It’s a cast of earnest try-hards trapped in a film that mistakes murkiness for mystery.


The Hagstone: Real Estate Straight from Hell

If haunted houses could Yelp their owners, The Hagstone would be leaving one-star reviews for everyone involved. The building itself is the real star here—every wall is rotting, every hallway looks like it’s been marinated in nicotine, and every light bulb flickers like it’s being powered by regret.

The cinematography, shot mostly in black and white, clearly wants to evoke noir horror. Instead, it evokes “cheap camera battery dying in real time.” The shadows are so thick you’ll be squinting like an old man trying to read the fine print on a Ouija board.

And while we’re on visuals—if this was meant to look gritty, mission accomplished. The film looks like it was developed in whiskey instead of film chemicals.


The Pacing: Demonic, in the Sense That It Never Dies

At a lean 90 minutes, The Hagstone Demon still somehow feels longer than a Catholic mass held in slow motion. Scenes drag on endlessly as characters stare into the void or discuss metaphysical nonsense in dimly lit rooms.

It’s the kind of movie where you could leave to make popcorn, return, and still find the same character whispering about “the darkness within.” There are horror movies that build tension and dread; this one just builds a strong desire for caffeine.

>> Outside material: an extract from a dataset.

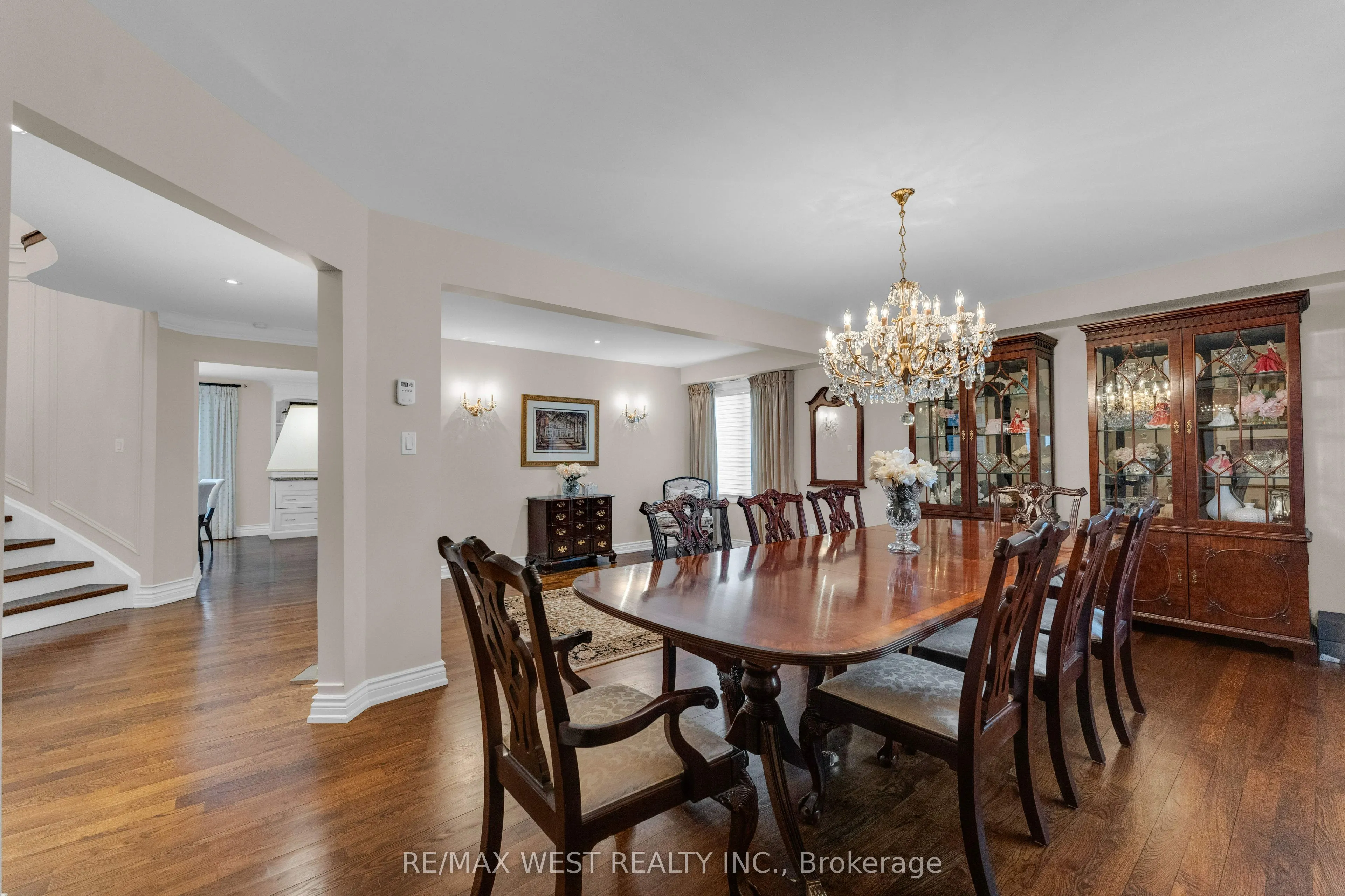 93 Fern Valley Crescent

The Script: Satanic by Accident

Jon Springer’s screenplay tries to be poetic, but mostly sounds like a refrigerator magnet poetry kit had a nervous breakdown. Lines like “The devil finds a way through the cracks of grief” and “Love is just a grave we keep digging” are delivered with straight faces, which somehow makes them funnier.

The film’s mythology is equally baffling. There’s talk of demons, resurrection, blood rituals, and cursed real estate—but none of it connects in any meaningful way. It’s as if the script was written during a séance conducted with an empty whiskey bottle.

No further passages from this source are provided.